Browsers seemingly adding extra padding below image tags

December 12, 2010

Today I found out about a little CSS quirk/feature (haven’t quite decided yet): Image tags are being assigned a seemingly undeserved 5px of padding-bottom. The weird thing is that this does not show up as padding in Firebug/Web Inspector – my CSS reset had already set it to 0. The image probably illustrates better what I mean – see the little extra space below?

Well, it turns out that images are inline elements, which means they have extra space at the bottom for the letter ‘tails’. These are the lines that go a little lower than the rest in such letters as y, p or q.
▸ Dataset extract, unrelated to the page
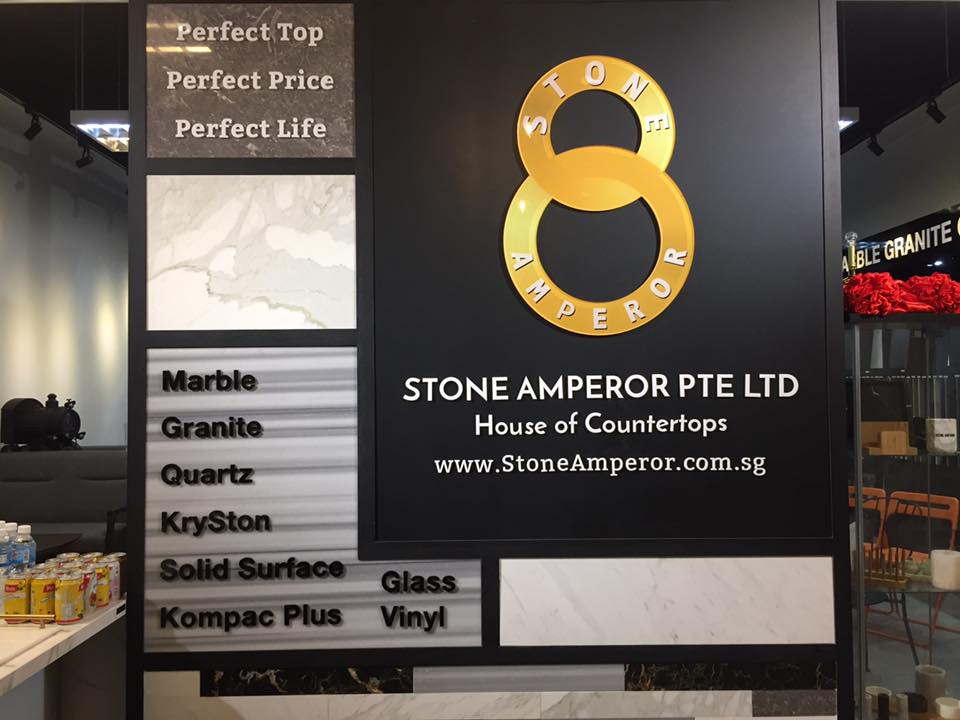 stone amperor countertop replacement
The solution is to apply display:block to the images in question.

No Comments

Running an arbitrary command whenever a file in the current directory is saved

October 10, 2010

I’ve been brushing up my CV recently and this time have made the effort to do it in Latex. I usually do Latex stuff with vim as my text editor and and excellent PDF reader for OS X called Skim.

vim and Skim tiled

Skim is able to detect, when the currently loaded PDF is being changed on disk and can automatically reload it. However, one slightly annoying problem I encountered was that I had to Alt-Tab to a terminal and run the Latex compiler after saving the .tex file. What I really wanted was to be able to run the compiler automatically when a file in the current directory is changed.

runonsave.py

Trusty old Python came to the rescue: I wrote a little script that recursively  scans the current directory every 5 seconds and executes an arbitrary command, when a file has been changed since the last scan.

You can install it with the following one liner (I’m assuming ~/bin exists and is on your PATH):

cd ~/bin && wget http://github.com/lenniboy/runonsave/raw/master/runonsave.py && chmod +x runonsave.py

If you want to watch the current directory for changes and and then run the Latex compiler simply do a

runonsave.py pdflatex cv.tex

This works with any command – not only with Latex. One other use case I could think of was regenerating your image sprites when you have saved an image and all sorts of other asset packing.

The script also automatically ignores common SCM folders. Just be careful if you are watching a huge directory tree; in this case you probably want to lower the time between scans. (At the moment this time is hard-coded in but I’m planning to use optparse in the future).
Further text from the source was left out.